The two men had left a casino just after midnight on March 28, according to security camera footage and drove away in the same car, owned by Apostolides. Senturk, a 22-year-old Turkish national, said they were going to borrow money from a friend of the victim in the north.
Senturk said the 65-year-old man drove him in a secluded area under false pretenses and made unwanted sexual advances
According to Turkish press, Senturk said the 65-year-old man drove him in a secluded area under false pretenses and made unwanted sexual advances with the young man reacting by striking Apostolides in the head. He then fled to Turkey the following day but quickly surrendered to Turkish police when he learned he was a wanted man in Cyprus, saying he had killed the victim in self defence and had feelings of guilt.
Senturk also told authorities he didn’t realise he had killed Apostolides, with media reports saying he fled the scene in a panic. But questions were being raised in the media as to whether he knew he had killed the man, following reports that the head had been crushed severely. A third individual, a friend of Senturk where the young man went to get a change of clean clothes, was also named a person of interest in the case during the early stages of the investigation, but it is not clear if he had any role in the aftermath.
The body of Apostolides showed signs of knife wounds and blows to the head and some facial burns, while an autopsy by a Turkish Cypriot forensic examiner determined the cause of death was severe blows to the head.
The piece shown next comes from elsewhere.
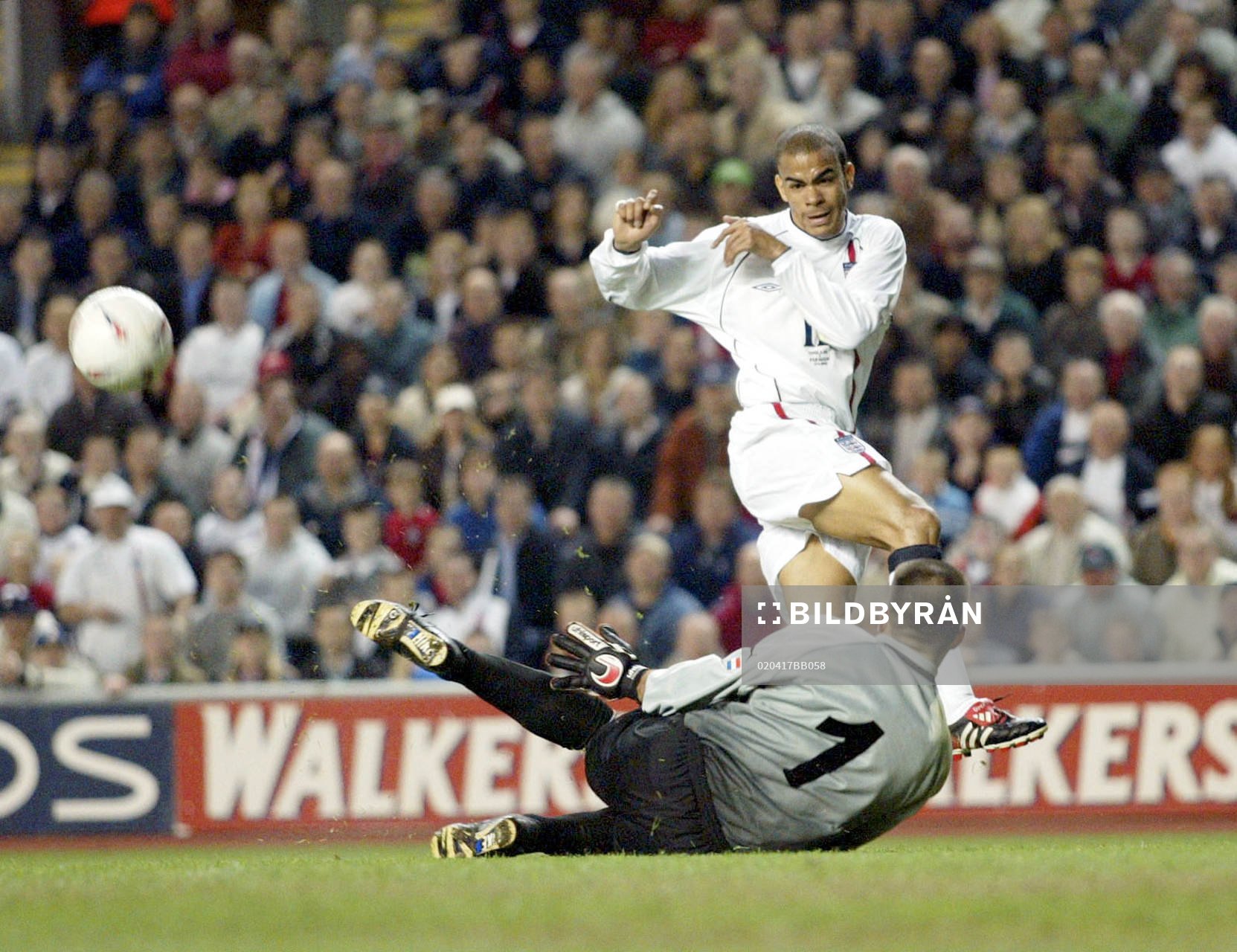 Englands Kieron Dyer skott räddas av Ricardo Taverelli,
An autopsy in the Republic of Cyprus, prior to the funeral in the south, concurred with the finding that severe blows to the head had killed the man.
It was reported previously by some media outlets that Senturk was expected to be handed over to Turkish Cypriot authorities. But as extradition criteria are very hard to be met in Turkey, a transfer might not not take place.
Senturk could still face justice in Turkey unless he files a motion to be tried in a Turkish Cypriot court.